= C. E. Hooper =

Audience measurement company

The C. E. Hooper Company was an American company which measured radio and television ratings during the Golden Age of Radio. Founded in 1934 by Claude E. Hooper (1898–1954), the company provided information on the most popular radio shows of the era.

Claude E. Hooper became well known for his radio audience measurement systems, Hooper Ratings or "Hooperatings". Before beginning work in radio measurement, Hooper was an auditor of magazine circulation. Hooper worked within the market research organization of Daniel Starch until 1934, when he left to start a research company with colleague Montgomery Clark, Clark-Hooper. In the fall of 1934, the company launched syndicated radio measurement services in 16 cities. Clark left the business in 1938 and Hooper continued the firm as C. E. Hooper, Inc.

The survey method employed by Hooper was designed with the help of George Gallup (see Gallup Poll), whose input Hooper later acknowledged as key. It differed from the method being used by the advertising industry service, the Cooperative Analysis of Broadcasting (CAB); in particular, Clark-Hooper's method involved contacting listeners during the shows being analyzed as opposed to the following day. In the industry, the method was dubbed "telephone coincidence"; it superseded CAB's earlier method ("telephone recall") as the industry standard, and Hooper's prevalence eventually led to the 1946 dissolution of CAB.

In 1948, as the radio networks began venturing into television, Hooper began measuring TV ratings as well. In February 1950, the company was bought by competitor A.C. Nielsen.

==Method==

The C. E. Hooper Company collected data using telephone surveys conducted across 36 cities, during the last 13 minutes of each quarter hour broadcast period. Respondents would be asked whether they were presently listening to the radio, and if they were, to identify the program and station they were listening to, and the program's sponsor. Using this data, biweekly ratings were compiled.

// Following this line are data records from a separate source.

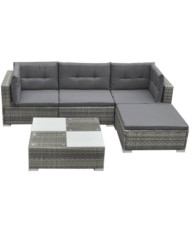 Salon de jardin 5 pcs avec coussins Résine tressée Gris | Mobilier & Déco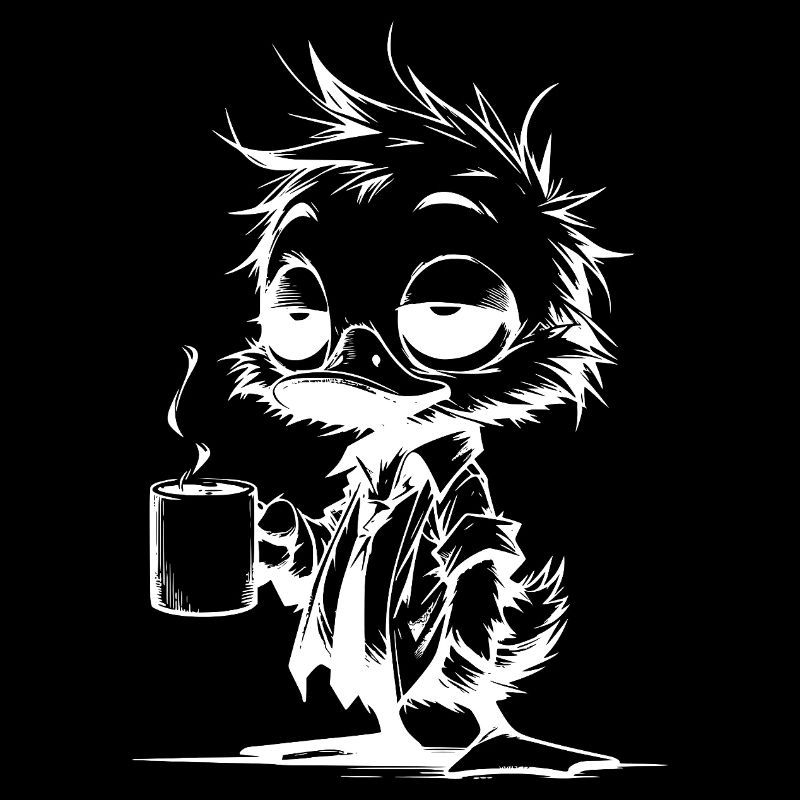 Caffeine coma duck in the office drowsy in the office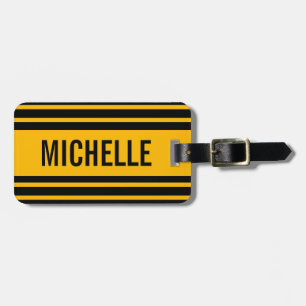 Personalisiert Orange Quad Stripe Gepäckanhänger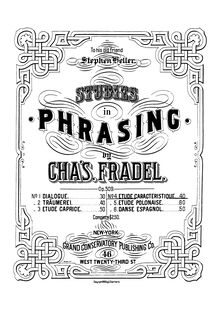 Partition , Etude Characteristique, études en Phrasing, Op.509, Fradel, Charles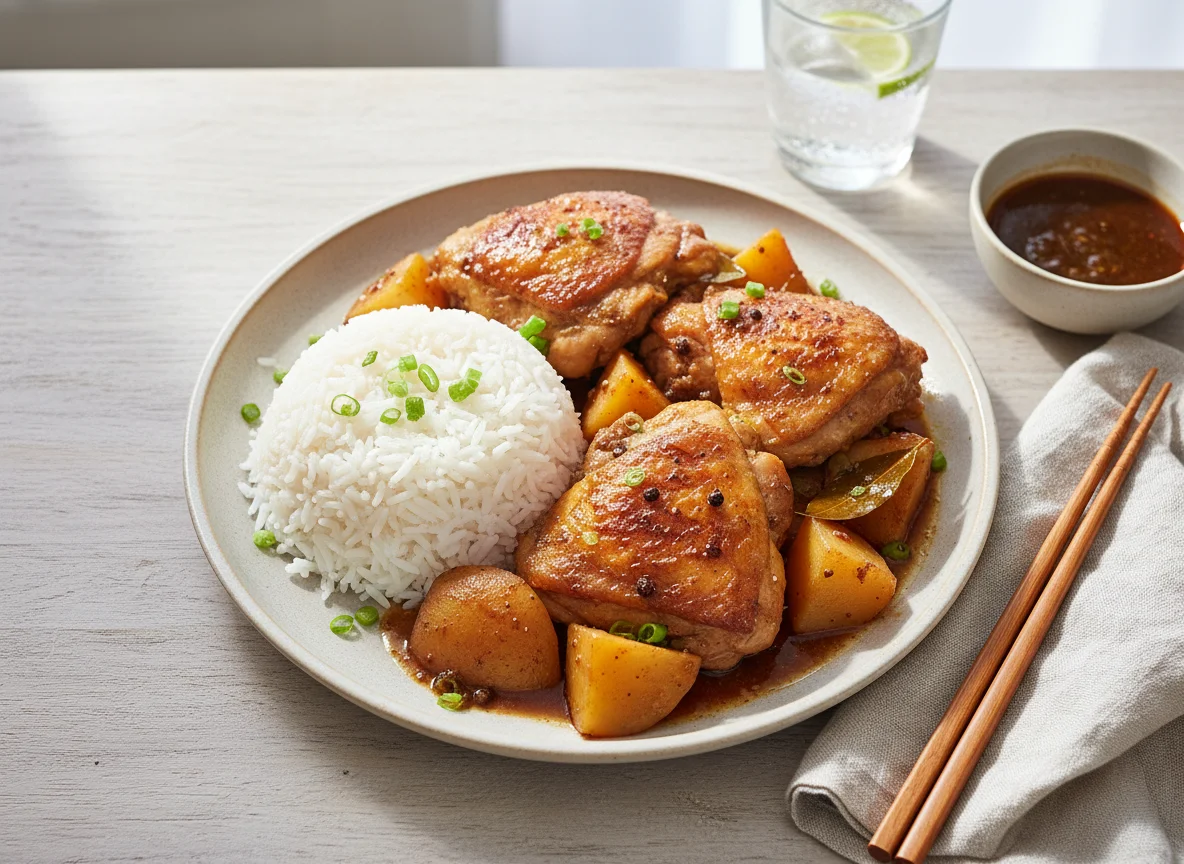 Chicken Adobo with Potatoes and Steamed Rice photo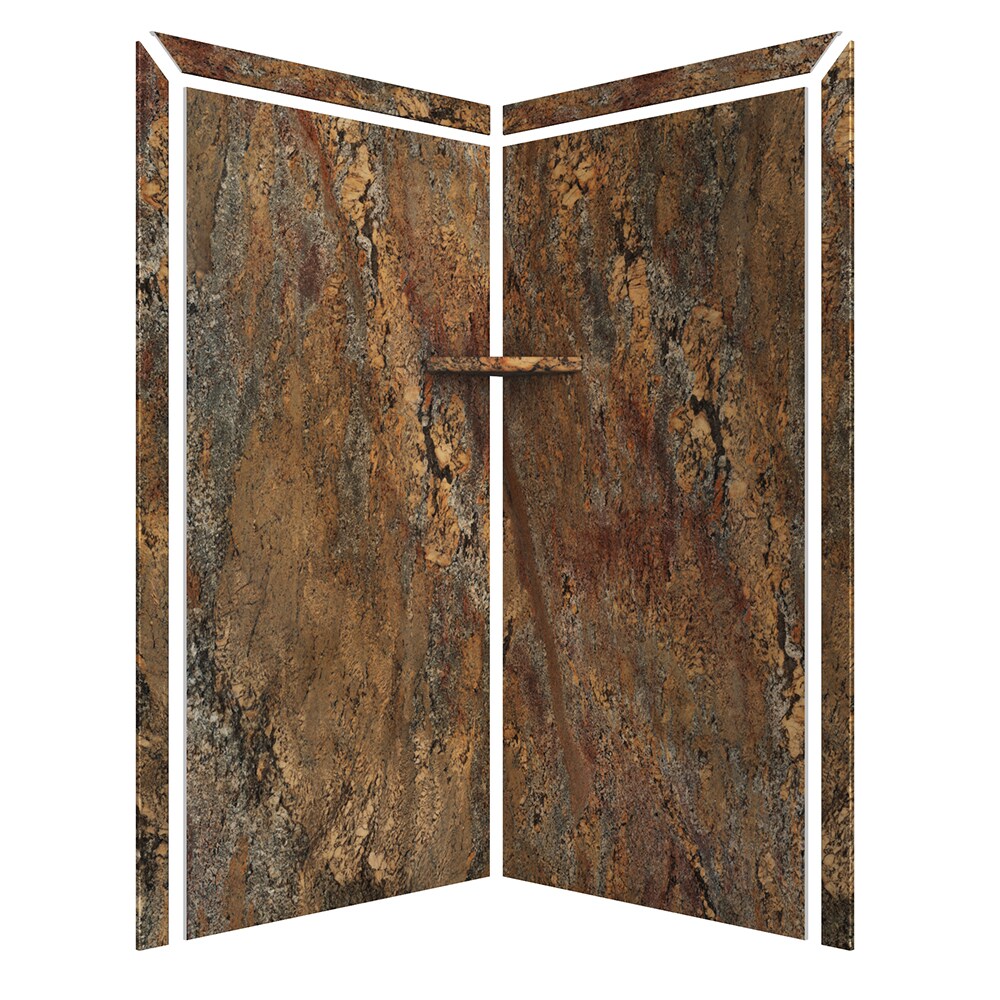 Panel de esquina para pared de ducha FlexStone Splendor 40 pulgadas de ancho x 40 pulgadas de profundidad x 80 pulgadas de altura en Crema Bordeaux 2.0, para pegar - Pieza SSK40407821CB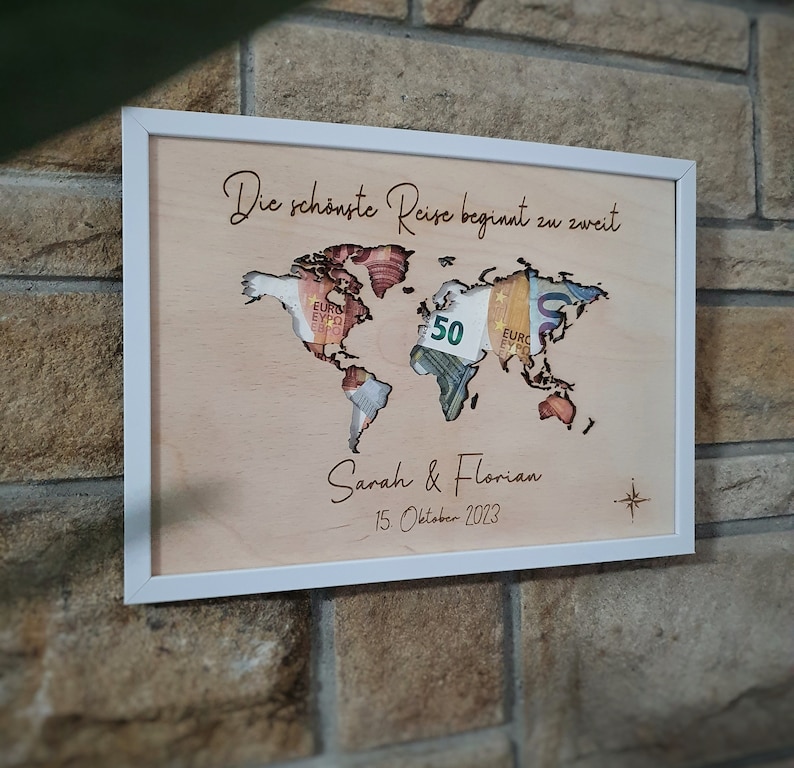 Personalized wedding gift, wedding holiday gift, wedding cash gift, personalized world map, wedding gift image 4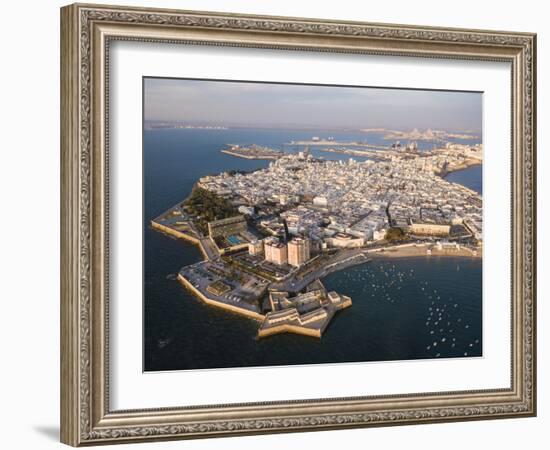 Aerial view, by drone, of Cadiz, Andalucia, Spain-Ben Pipe-Framed Photographic Print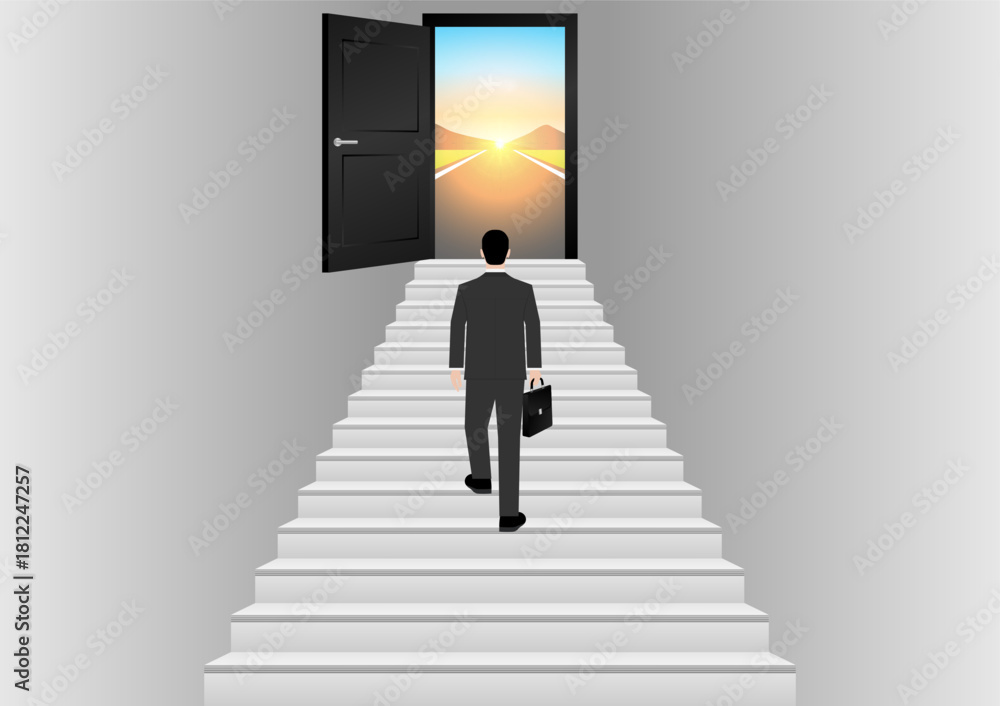 Obraz premium Businessman walking Upstairs to Opportunity Door. Business Opportunity and Success Career Concept. Vector Illustration. 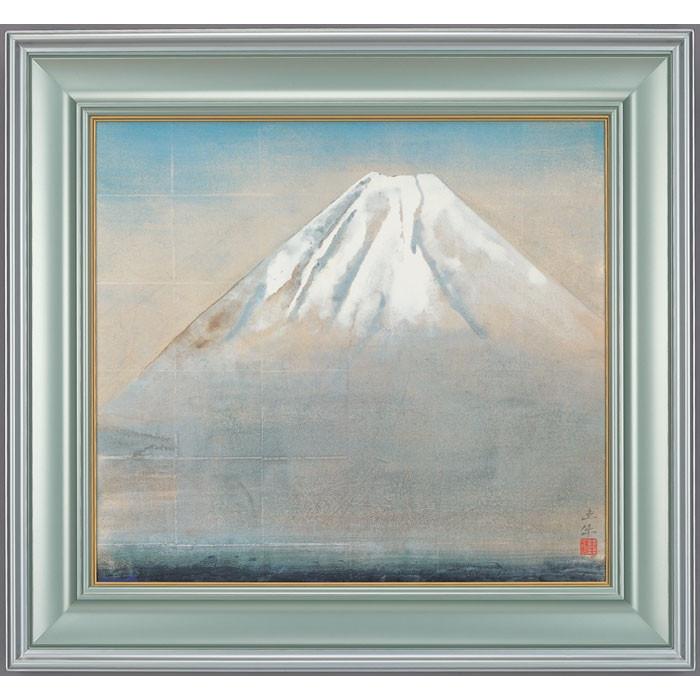 奥村土牛 「 精進湖 」 岩絵具方式 高級複製画 日本画 版画 富士山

Compared to the earlier Crossley ratings, Hooperatings had the advantage of not depending on respondents remembering what they had listened to earlier in the day. However, they still only sampled an urban rather than rural population. They also failed to account for the millions of households at the time which had a radio set but no telephone.

==In popular culture==

During the late 1940s the catchphrase "How's your Hooper?" was a well-known allusion to the size of a series' audience.

In 1949, the Chagrin Valley Little Theater premiered a satire of contemporary radio by Everett Rhodes Castle titled "How's Your Hooper?".

A George Price cartoon in the May 14, 1949 issue of The New Yorker depicts a speeding automobile with a radio antenna being overtaken by a Hooper employee in the sidecar of a motorcycle who is shouting "We're from the Hooper Survey, sir. Do you have your radio on, and if so what program are you listening to?"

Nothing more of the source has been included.